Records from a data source
----------
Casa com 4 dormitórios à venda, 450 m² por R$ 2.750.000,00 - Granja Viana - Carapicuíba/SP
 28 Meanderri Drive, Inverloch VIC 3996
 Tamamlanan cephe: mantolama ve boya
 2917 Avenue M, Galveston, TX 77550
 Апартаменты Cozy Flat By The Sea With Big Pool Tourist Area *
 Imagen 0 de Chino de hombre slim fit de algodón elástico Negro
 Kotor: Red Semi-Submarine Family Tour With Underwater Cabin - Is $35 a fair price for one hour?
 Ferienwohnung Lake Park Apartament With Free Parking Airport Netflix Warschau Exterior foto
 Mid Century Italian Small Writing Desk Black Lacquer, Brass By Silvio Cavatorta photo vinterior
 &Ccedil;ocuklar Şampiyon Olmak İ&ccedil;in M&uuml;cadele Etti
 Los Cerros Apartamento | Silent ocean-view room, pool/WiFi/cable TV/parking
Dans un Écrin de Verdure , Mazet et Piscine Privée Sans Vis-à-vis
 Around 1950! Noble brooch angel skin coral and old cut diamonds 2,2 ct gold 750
----------
• _Task_:
Provide a verbatim copy of all the entries.

• _Exercise response_:
Casa com 4 dormitórios à venda, 450 m² por R$ 2.750.000,00 - Granja Viana - Carapicuíba/SP
 28 Meanderri Drive, Inverloch VIC 3996
 Tamamlanan cephe: mantolama ve boya
 2917 Avenue M, Galveston, TX 77550
 Апартаменты Cozy Flat By The Sea With Big Pool Tourist Area *
 Imagen 0 de Chino de hombre slim fit de algodón elástico Negro
 Kotor: Red Semi-Submarine Family Tour With Underwater Cabin - Is $35 a fair price for one hour?
 Ferienwohnung Lake Park Apartament With Free Parking Airport Netflix Warschau Exterior foto
 Mid Century Italian Small Writing Desk Black Lacquer, Brass By Silvio Cavatorta photo vinterior
 &Ccedil;ocuklar Şampiyon Olmak İ&ccedil;in M&uuml;cadele Etti
 Los Cerros Apartamento | Silent ocean-view room, pool/WiFi/cable TV/parking
Dans un Écrin de Verdure , Mazet et Piscine Privée Sans Vis-à-vis
 Around 1950! Noble brooch angel skin coral and old cut diamonds 2,2 ct gold 750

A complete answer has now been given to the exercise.